AD: Has Circus of Books provided you a new perspective that you didn’t have before? What’s been new to you during this process?
KR: I did not know a lot about the LGBTQ history of Los Angeles, specifically. I knew a lot of the stories about San Francisco. I knew about New York, but I really didn’t know much about L.A. It has a very unique and very, very early and important history when it comes to gay rights, the Pride movement, and civil rights—that was exciting to learn. And particularly to see these interviews with gay elders from Los Angeles who were there from the beginning and to be able to capture their experience and their story —that was hugely eye-opening for me. And again, something that was really important to Rachel and me to include in the film.
And, you know, part of what really excited me about this project is that it’s an archival-heavy project. Those are some of my favorite projects to work on because it does transport us back into another time, even visually —there’s a texture that you get to play in with home videos and camcorder footage. There is a nostalgia there. But. I think it’s also about reframing that history and exposing something that maybe wasn’t seen or acknowledged in the moment. I love to be able to do that with projects.
AD: And what are you working on now?
KR: The next project that I’m working on right now is for Joey Soloway, the Transparent creator, and it’s similar. It’s also a personal story of their childhood experience growing up in this very experimental housing development in the south side of Chicago.

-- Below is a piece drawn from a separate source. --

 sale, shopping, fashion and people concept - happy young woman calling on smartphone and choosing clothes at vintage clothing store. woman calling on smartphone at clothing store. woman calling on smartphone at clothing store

And as I’m learning, Chicago is a notoriously segregated city and this housing development was meant to be multi-racial, multi-socioeconomic status.
It’s again looking back in time, using a lot of archival material to examine this personal experience that, maybe now as an adult, Joey has a different perspective on, and also panning out to talk about some broader social, political, and cultural things.
AD: Looking forward to it! Thank you for your time, Kathryn. And good luck!
KR: Thank you!
Kathryn Robson is Emmy-nominated in the Outstanding Writing for a Nonfiction Program category. Circus of Books is available on Netflix.